§ AIM OF THE EXERCISE
Exclude the pictures, then quote exactly the lines from the one holding "Person wearing a" through the last line of the records.

§ TASK DATA
-- Opening Marker --

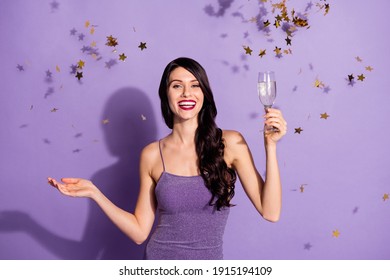 Photo of young charming girl happy positive smile celebration drink champagne fly confetti isolated over violet color background - Powered by Shutterstock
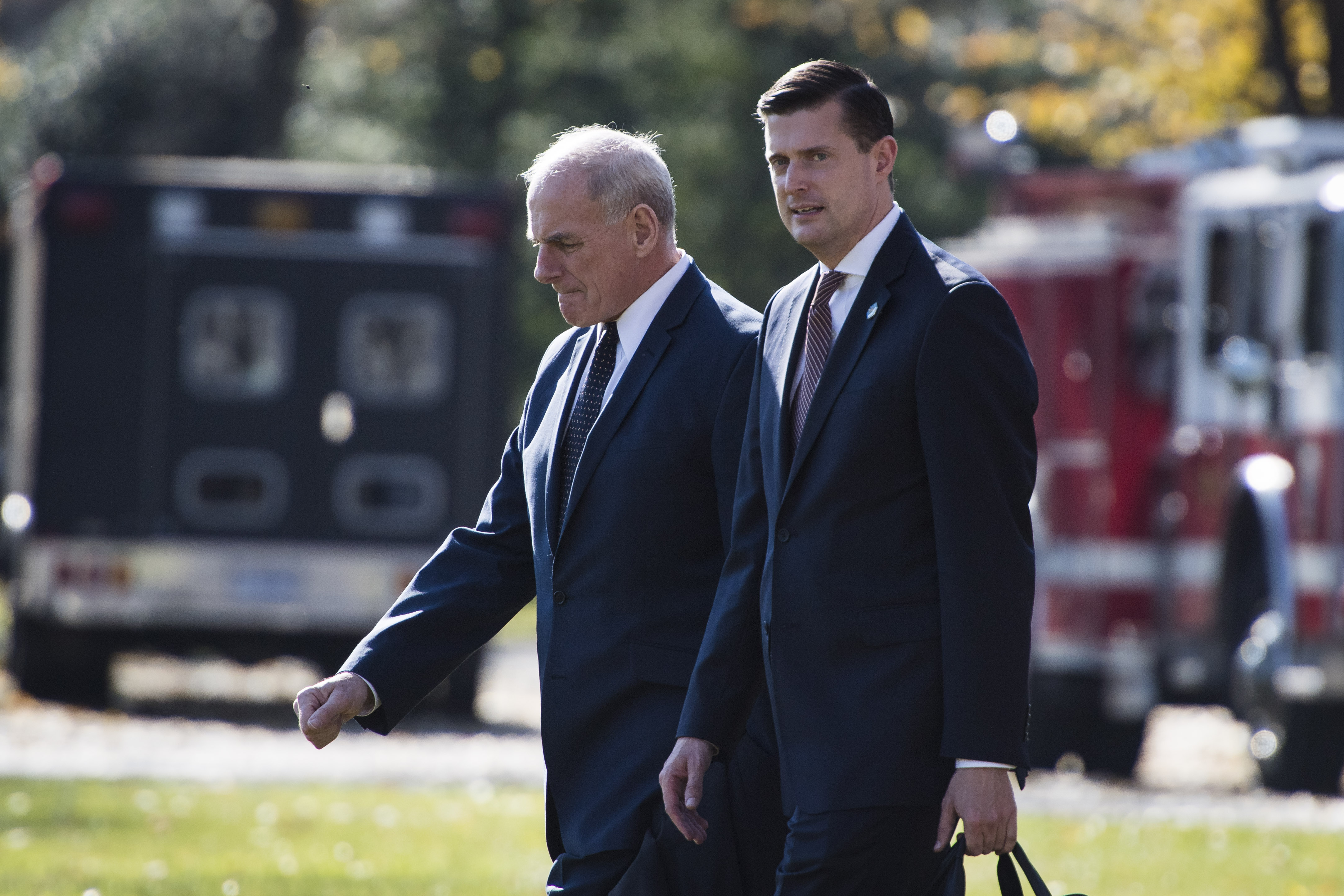 WASHINGTON, DC - NOVEMBER 29: White House Chief of Staff John Kelly and Staff Secretary Rob Porter follow President Donald Trump as he walks to board Marine One to head to Missouri to push the Republican tax plan, on the South Lawn of the White House in Washington, DC on Wednesday, Nov. 29, 2017. (Photo by Jabin Botsford/The Washington Post via Getty Images)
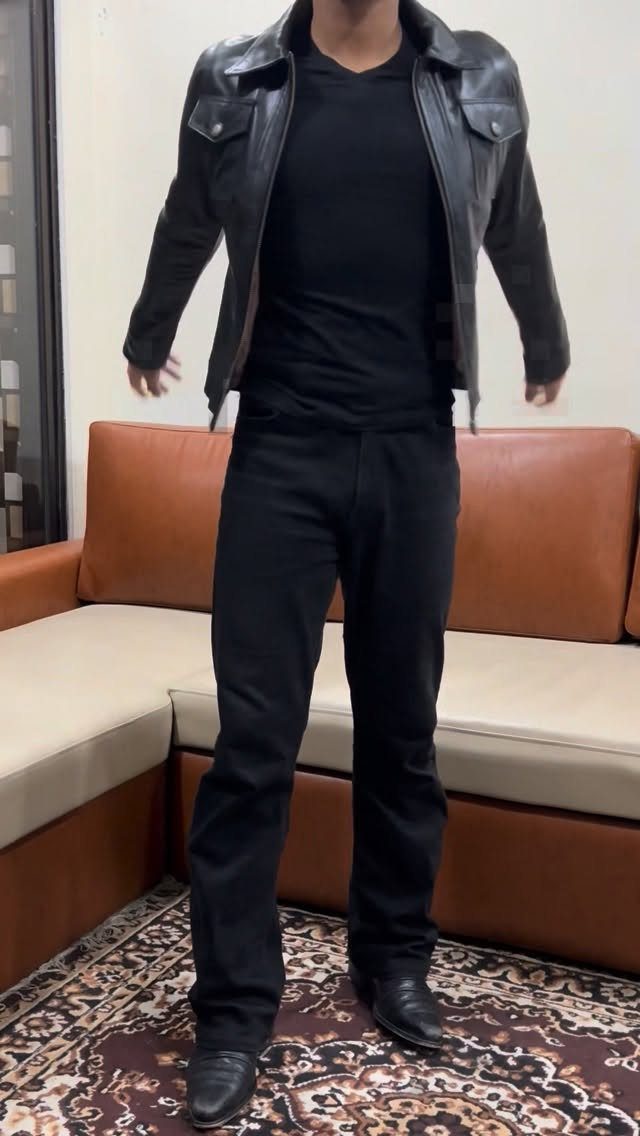 Person wearing a black leather jacket, black t-shirt, and black jeans standing indoors.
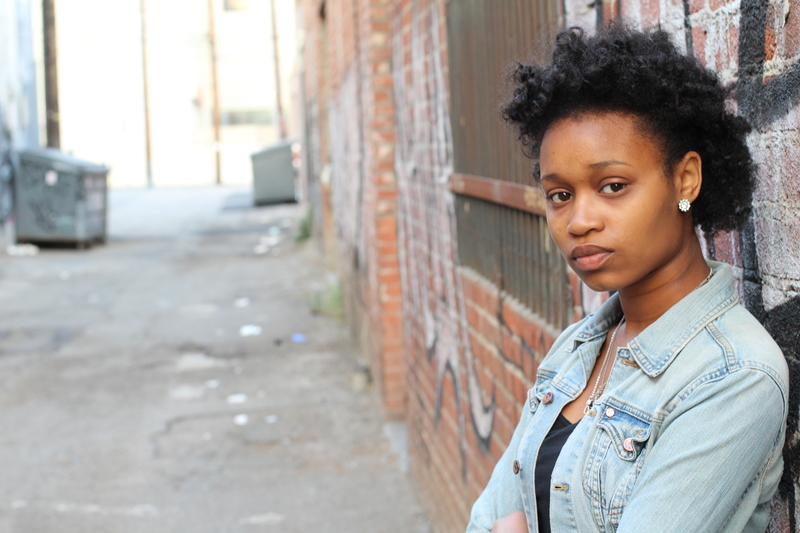 Depressed or annoyed black woman, leaning on a wall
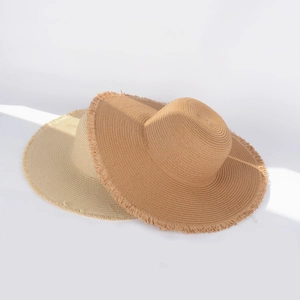 Detailed macro view of woven straw hats showing natural texture and frayed edges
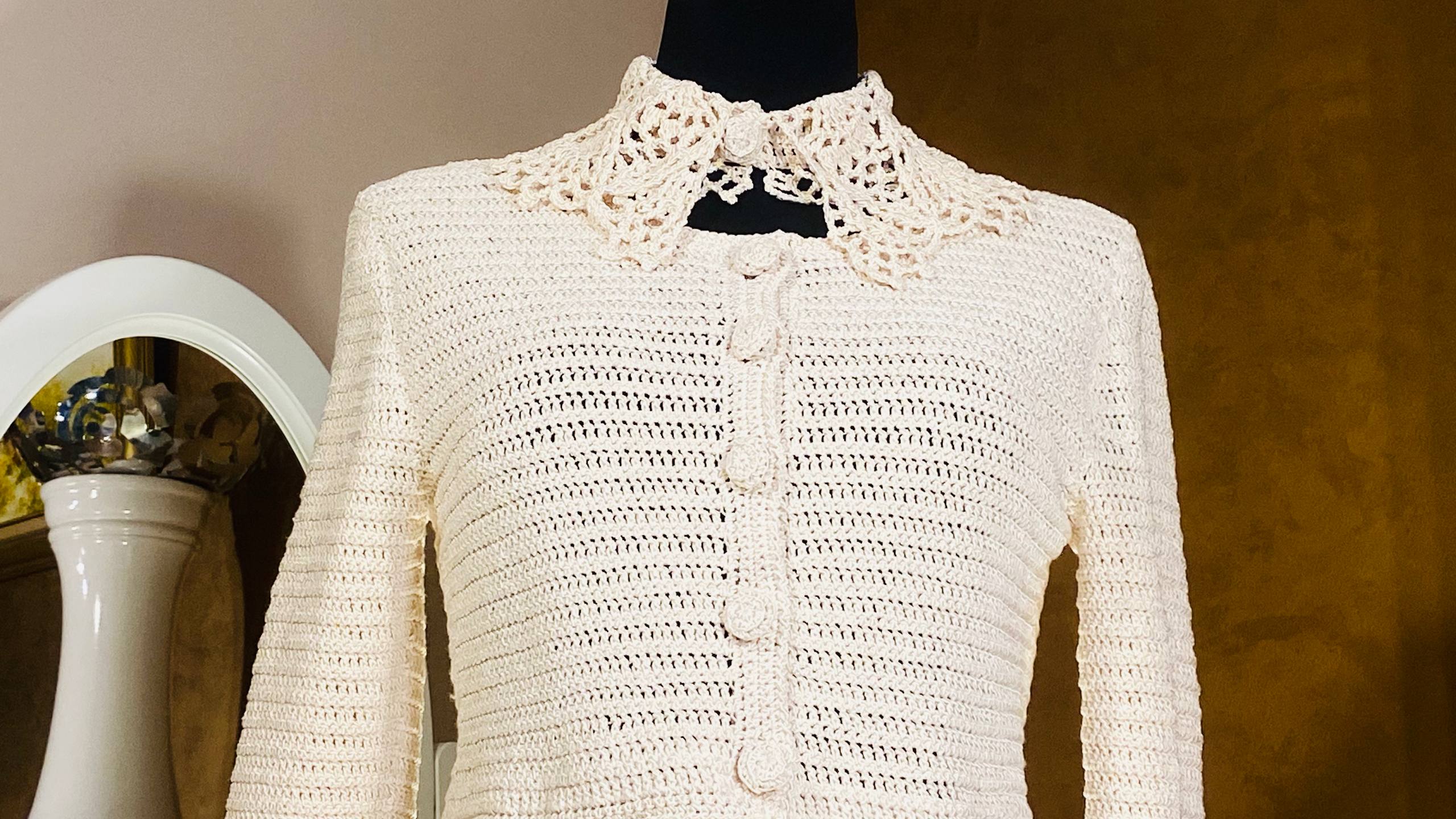 An off-white crocheted cardigan sweater with a lace collar and button-front closure, displayed on a black mannequin torso against a warm brown background.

-- Closing Marker --

§ TASK OUTPUT
 Person wearing a black leather jacket, black t-shirt, and black jeans standing indoors.
 Depressed or annoyed black woman, leaning on a wall
 Detailed macro view of woven straw hats showing natural texture and frayed edges
 An off-white crocheted cardigan sweater with a lace collar and button-front closure, displayed on a black mannequin torso against a warm brown background.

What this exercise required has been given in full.